Così non è stato, come è ben noto. Non solo gli
attacchi al DDL 735 non hanno minimamente tenuto conto del problema che esso
voleva risolvere, ma hanno dato la netta impressione di evitare il piano della
discussione razionale per scadere nell’invettiva e nella negazione
aprioristica. Contro il DDL 735 si sono dette le cose più assurde, si sono
ripetuti slogan del tutto staccati dalla realtà. Cerchiamo di fornire qualche
esempio, esaminando alcuni degli slogan che sono stati incessantemente ripetuti
contro il DDL 735.
II. Alcune obiezioni
I figli non sono pacchi.
Con questo si intendeva sostenere l’idea che i tempi
paritari comportino gravi disagi per i figli, costretti a spostarsi
continuamente, appunto come pacchi, fra le case dei genitori. Ora, questa
obiezione tocca corde profonde nell’animo di un padre separato, e occorre una
buona dose di calma per rispondere in maniera serena. Si potrebbe osservare che
è vero, i figli non sono pacchi. I pacchi non ti dicono “papà mi manchi”, “papà
stasera posso stare con te?”, e tu a un pacco non sei costretto a rispondere
“no piccina, sai che abbiamo fatto quegli accordi, stasera devi tornare da
mamma”. Ogni padre separato ha mille storie di questo tipo da raccontare.

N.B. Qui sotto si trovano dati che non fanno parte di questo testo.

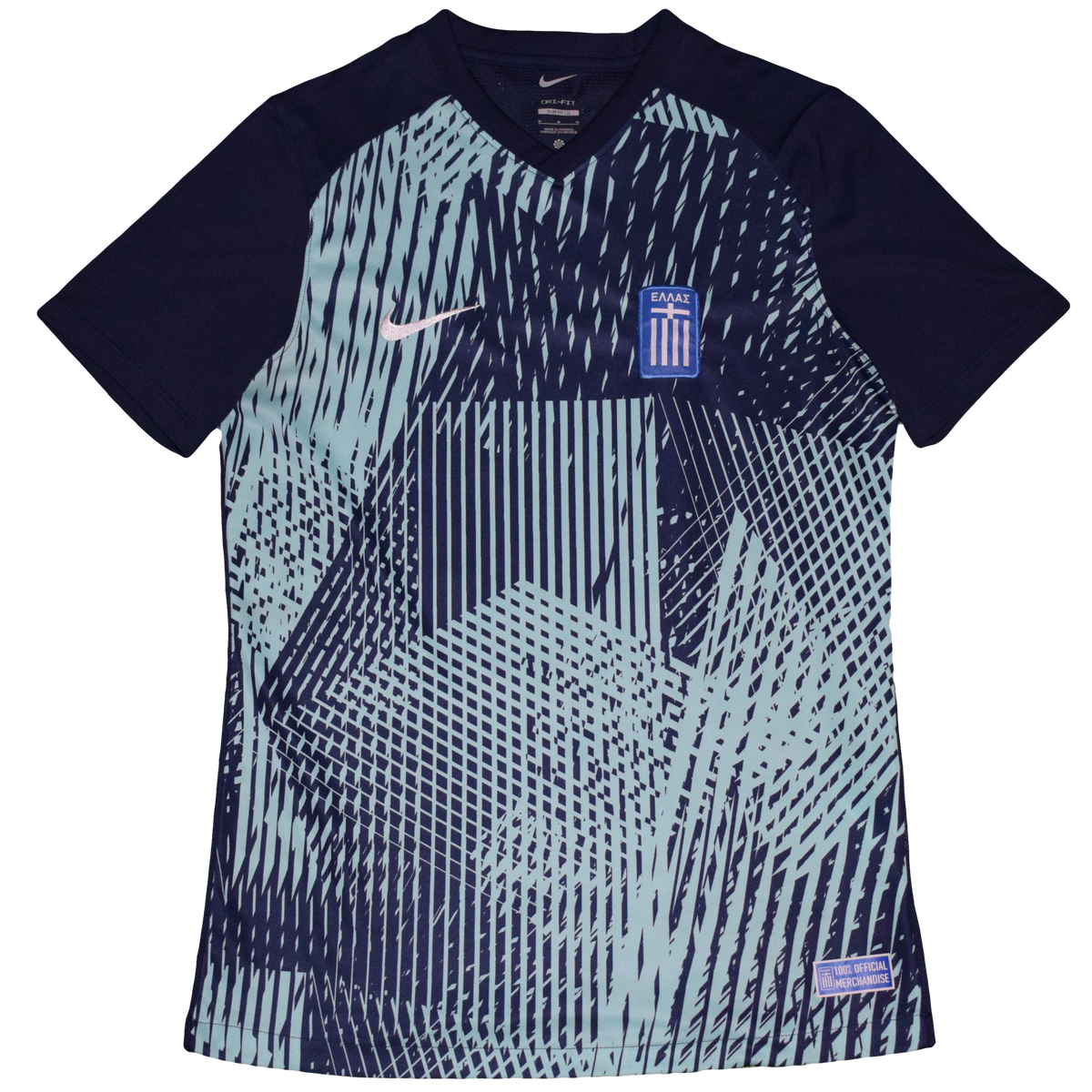 Greece 2024 Training kit Medium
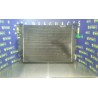 Recambio de radiador agua para renault megane ii berlina 3p dynamique referencia OEM IAM   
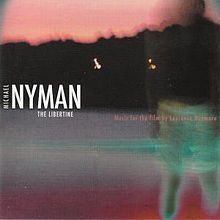 Michael Nyman - Libertine ryhmässä CD / Klassiskt @ Bengans Skivbutik AB (647222)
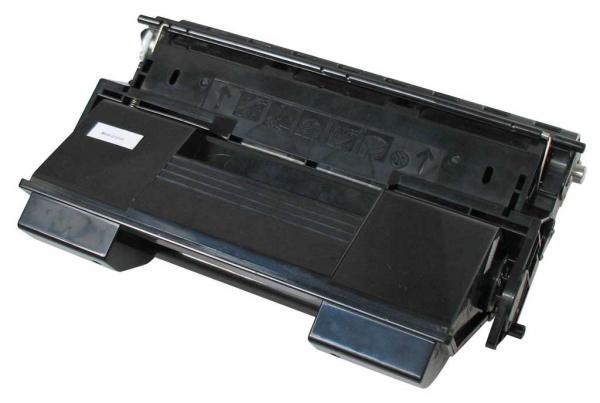 Чёрный тонер-картридж Китай / black toner cartridge for OKI B6500/Xerox 4510/minolta 5650/epson m4000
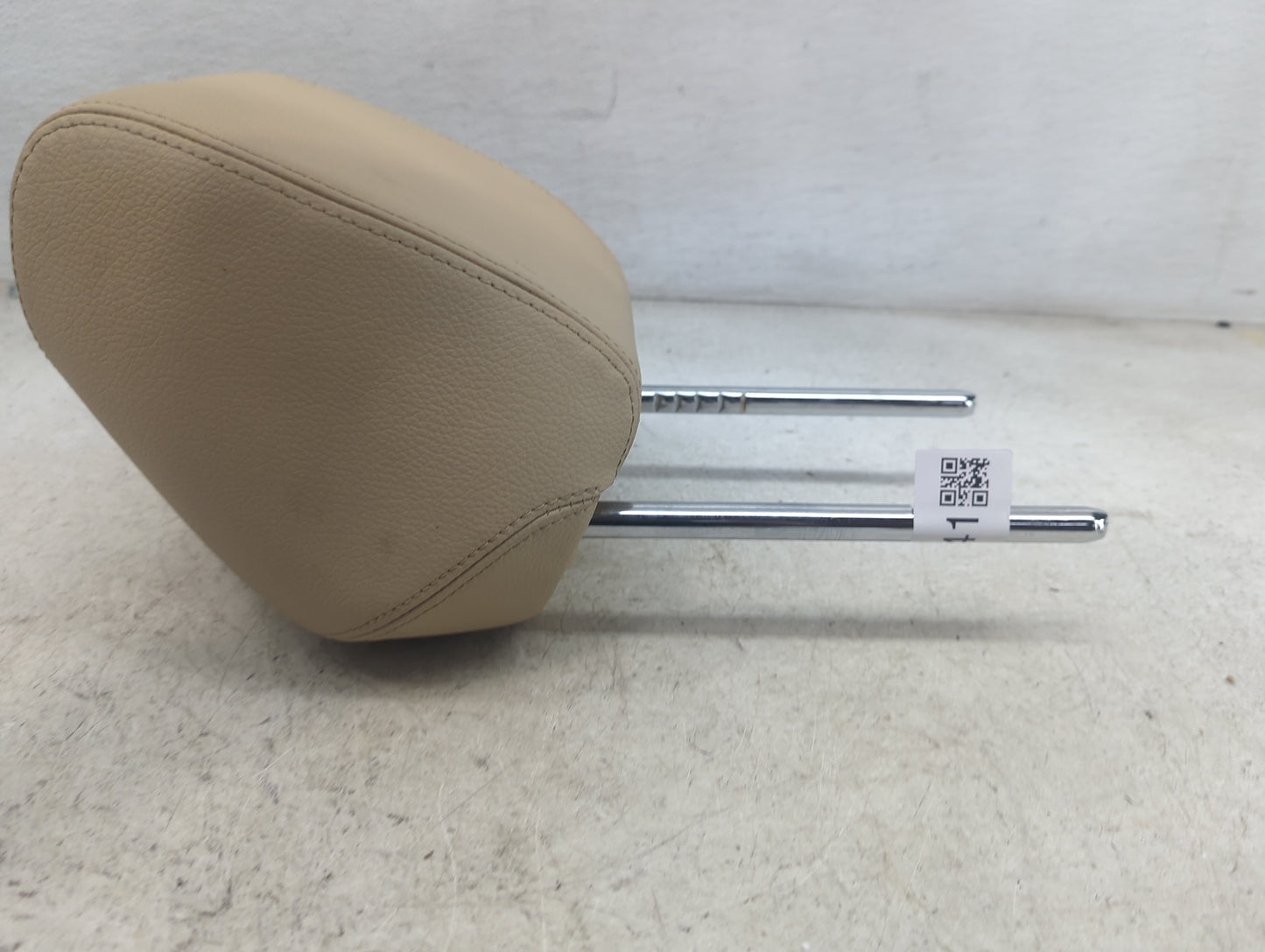 2015 Bmw 320 Headrest Head Rest Front Driver Passenger Seat Fits OEM Used Auto Parts - Oemusedautoparts1.com
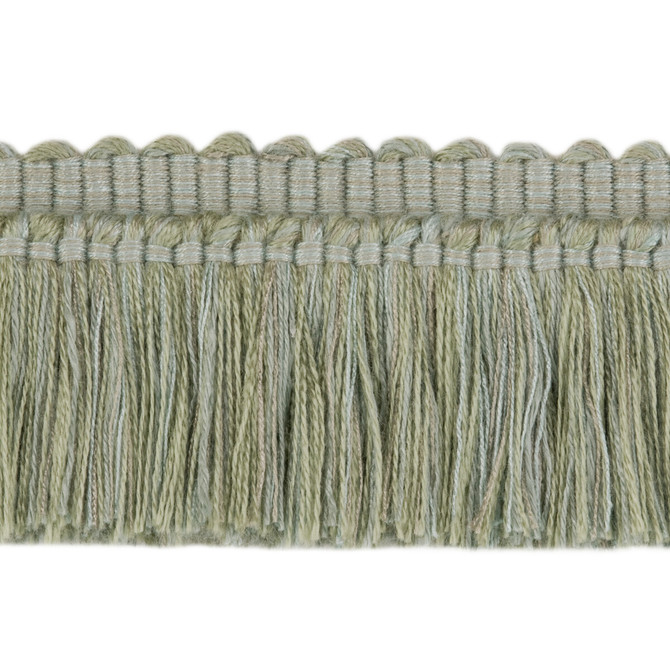 Kravet Couture Trim Scrub Brush Mist - VISCOSE - 54%;ACRYLIC - 39%;LINEN - 7% France - Horizontal: - and Vertical: - 2 - My Fabric Connection -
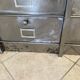 Furniture with 15 flaps industrial metal locker Strafor 1950
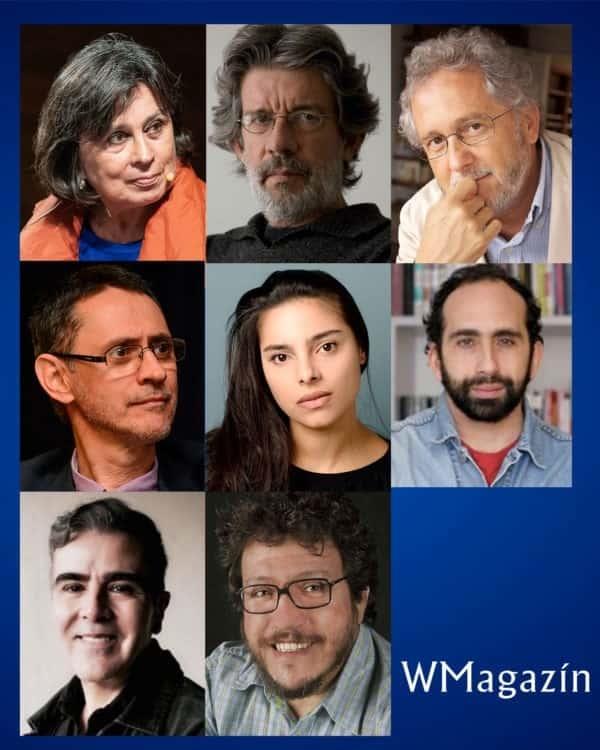 Colombia excluye a escritores de Feria del Libro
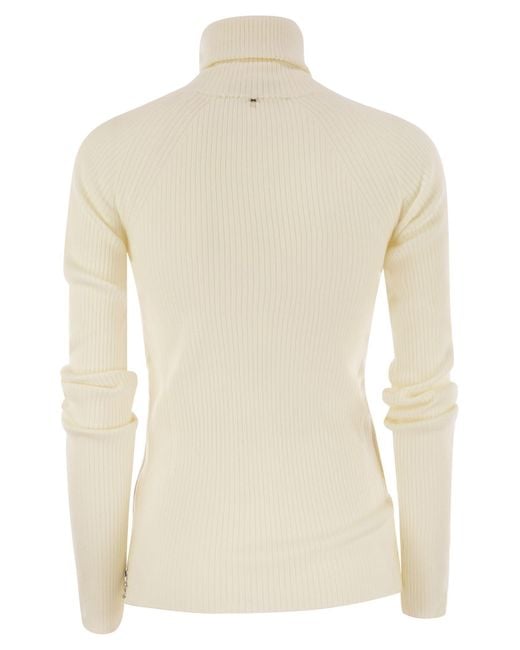 Sportmax Natural Pinna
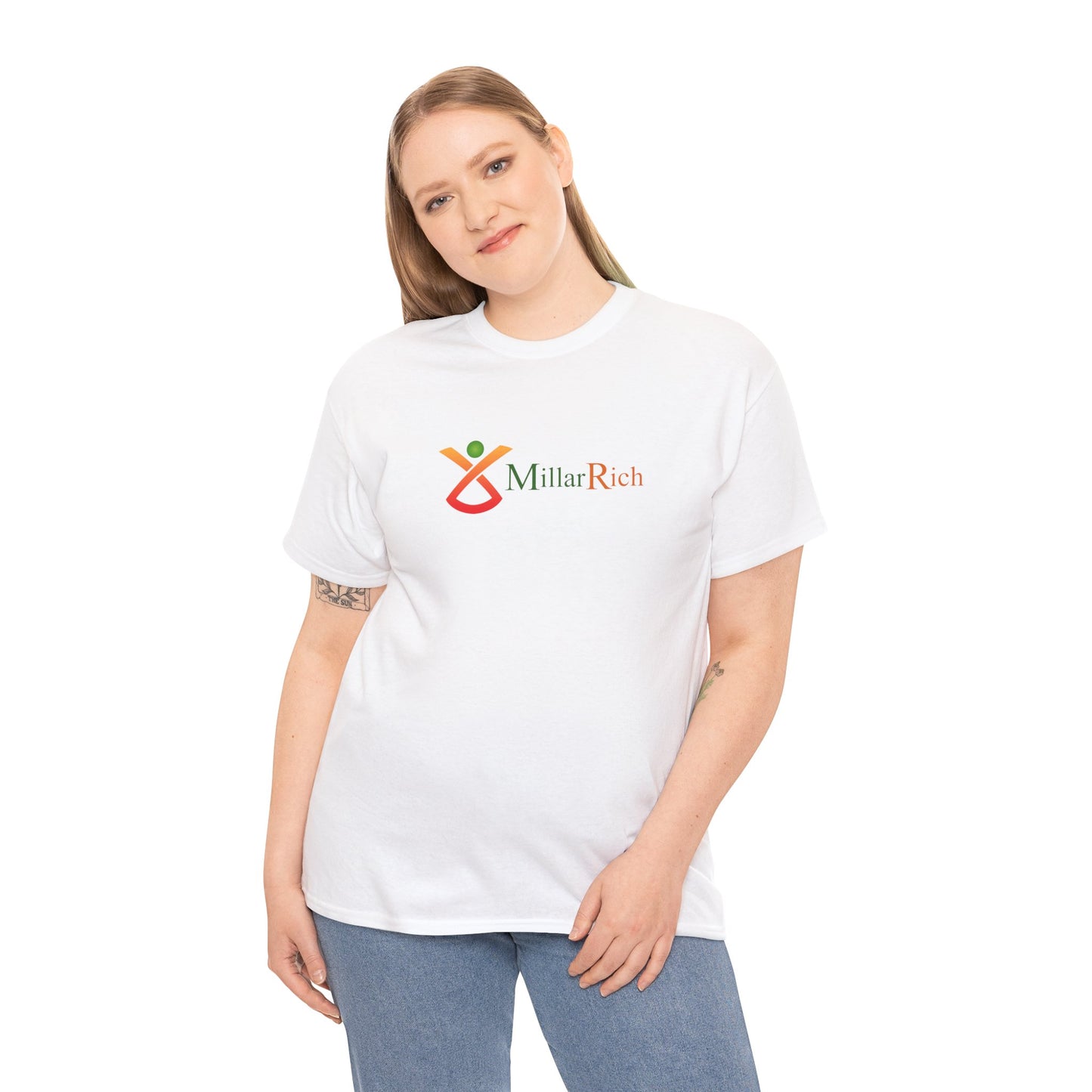 Heavy Cotton Tee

Storie di sofferenze, dei figli e dei padri. Ma non si vuole adesso suscitare
della facile commozione. Si vuol solo rimarcare concretamente quanto detto
sopra: il rapporto fra un padre e i suoi figli (esattamente come quello fra una
madre e i suoi figli) è un legame profondo, essenziale, che tocca gli aspetti
più fondamentali dell’anima, sia del padre sia dei figli. Di fronte a un dramma
come quello della separazione, la cosa più importante è preservare questi
rapporti, proteggerli. Tutto il resto viene dopo. Le questioni di
organizzazione della vita pratica vengono dopo. E si può aggiungere che questi
problemi pratici, i problemi di organizzare la vita di un bambino fra due
appartamenti, non devono essere così drammatici, visto che in pratica questo
“pendolarismo” è già presente, nell’attuale organizzazione delle separazioni. È
buffo infatti osservare che lo slogan in questione può nascere solo da una
colossale ignoranza della situazione reale delle separazioni. Come ho detto
sopra, lo schema normale delle separazioni è che i figli trascorrono col padre
un weekend ogni due, e almeno un giorno infrasettimanale. Questo vuol dire che
i figli, normalmente, vanno avanti e indietro fra le due case almeno una volta
alla settimana. Fanno già i “pacchi”, se vogliamo usare questa espressione,
nelle condizioni attuali della grande maggioranza delle separazioni. Se si
introducessero i tempi paritari, non cambierebbe nulla, purché ovviamente i
genitori si accordino in maniera sensata. Basterebbe infatti, per fare solo un
possibile esempio, che i figli trascorressero una settimana con un genitore e
una con l’altro, ed ecco che gli spostamenti dei “pacchi” sarebbero ridotti a
un cambio di casa alla settimana, esattamente quello che già succede nella
maggioranza dei casi. I tempi paritari non implicano dunque nessun
peggioramento nella situazione “logistica” dei figli, purché ovviamente i
genitori siano persone di buon senso (ma se non lo sono, i problemi ci sono
anche nella situazione attuale). Lo slogan “i figli non sono pacchi” è dunque
vuota retorica che crolla di fronte a semplicissime considerazioni come quelle
appena svolte.
Si vuole tornare al medioevo/ Si vuole tornare
indietro di 50 anni.
Con questo slogan si denunciava un terribile
arretramento nei diritti delle donne e in generale nei rapporti familiari, in
caso di approvazione del DDL735. Ora, ovviamente il “medioevo” non c’entra
assolutamente nulla: forse che nel medioevo c’era il diritto al divorzio? Con
tempi paritari e mantenimento diretto? Il fatto che un certo numero di persone,
che immagino abbiano percorso un normale iter scolastico, possano ripetere una
simile assurdità, può solo indurre a tristi riflessioni sulla decadenza della
scuola italiana. Lo slogan sul “tornare indietro di 50 anni” non è così
evidentemente assurdo come quello relativo al medioevo. Ma è, ugualmente, del
tutto sbagliato; per la precisione, dice esattamente l’opposto della realtà.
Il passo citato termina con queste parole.